If you’re an engineer responding to an incident, you might need to access production servers for troubleshooting and to identify what’s wrong.
At Segment, to SSH to a server running one of your services, you used to go through a SSH Bastion host. A bastion host is a server used by an organization to provide access to a private network from an external network. Because bastion hosts are exposed to potential attacks, they must be extra secure to minimize the chances of them being compromised. Since the SSH Bastion has port 22 (SSH) exposed to the internet, no matter where you are, you can still access our bastion host.
To access a server using a bastion host, an engineer needed the following:
They had to be part of the Segment internal Okta group that grants SSH Access.
They had to create and upload a public key for their development machine to a private service. This key was then replicated to servers in our infrastructure.
They had to complete an MFA push on their phone when they connected to the bastion host.
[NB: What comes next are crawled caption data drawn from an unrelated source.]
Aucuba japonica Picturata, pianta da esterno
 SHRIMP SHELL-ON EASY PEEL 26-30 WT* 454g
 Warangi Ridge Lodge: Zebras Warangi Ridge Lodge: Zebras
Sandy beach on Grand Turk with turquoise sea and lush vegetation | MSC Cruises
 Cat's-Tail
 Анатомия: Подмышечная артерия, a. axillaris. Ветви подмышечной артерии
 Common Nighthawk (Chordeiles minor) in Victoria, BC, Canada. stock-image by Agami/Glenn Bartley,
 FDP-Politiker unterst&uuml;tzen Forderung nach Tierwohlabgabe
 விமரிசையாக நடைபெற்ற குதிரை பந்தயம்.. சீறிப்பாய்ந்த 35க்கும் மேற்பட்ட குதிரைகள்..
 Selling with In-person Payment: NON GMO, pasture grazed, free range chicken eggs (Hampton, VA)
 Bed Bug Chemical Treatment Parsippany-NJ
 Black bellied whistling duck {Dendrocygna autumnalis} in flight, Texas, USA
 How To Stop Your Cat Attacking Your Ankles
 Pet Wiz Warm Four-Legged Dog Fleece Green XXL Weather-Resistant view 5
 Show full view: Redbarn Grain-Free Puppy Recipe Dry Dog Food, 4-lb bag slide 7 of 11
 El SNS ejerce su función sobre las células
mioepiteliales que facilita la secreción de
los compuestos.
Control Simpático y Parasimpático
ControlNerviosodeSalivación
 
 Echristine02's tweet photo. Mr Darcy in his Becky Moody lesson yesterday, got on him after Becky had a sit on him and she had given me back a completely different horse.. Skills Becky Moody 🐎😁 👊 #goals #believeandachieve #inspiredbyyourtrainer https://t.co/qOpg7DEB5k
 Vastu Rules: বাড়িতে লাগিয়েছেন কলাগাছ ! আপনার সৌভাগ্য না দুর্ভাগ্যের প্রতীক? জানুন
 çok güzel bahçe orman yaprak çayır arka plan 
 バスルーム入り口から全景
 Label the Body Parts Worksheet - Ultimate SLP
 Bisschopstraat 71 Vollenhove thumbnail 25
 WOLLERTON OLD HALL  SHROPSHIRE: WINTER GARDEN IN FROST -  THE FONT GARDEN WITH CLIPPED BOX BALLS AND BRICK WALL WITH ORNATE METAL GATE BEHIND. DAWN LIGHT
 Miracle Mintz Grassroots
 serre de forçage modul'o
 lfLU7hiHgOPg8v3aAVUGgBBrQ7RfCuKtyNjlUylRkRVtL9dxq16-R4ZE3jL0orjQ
With all this, we ensured only authorized employees accessed our backend servers.
Even though our authentication system met the requirements of preventing unauthorized access to our infrastructure, it wasn’t perfect. There are several issues that arose with this system for granting access to our infrastructure.
When using bastion hosts, we used to have an Okta group that granted SSH access. Just by being in that Okta group, you got access to our infrastructure, regardless of the AWS account. With this in mind, we needed to figure out how to follow our principle of least privilege, considering that Segment was creating AWS accounts at a faster rate than ever. We needed to scope infrastructure access to only what the engineer needed. Granting access to servers on all AWS accounts through a single Okta group was a major issue.
Managing Okta groups
Our IT team manages the Okta group that grants SSH access to engineers. Every time an update to the group has to be made, we need to create an IT ticket. As the organization changes, keeping this group up to date is hard. This manual process slows down engineering and adds load to the IT team.
For each new AWS account we create, we have to provision bastion hosts to access the new account internal network. Without it, engineers wouldn’t be able to access instances they spin up. This step means higher load on the tooling team to provision and maintain these servers.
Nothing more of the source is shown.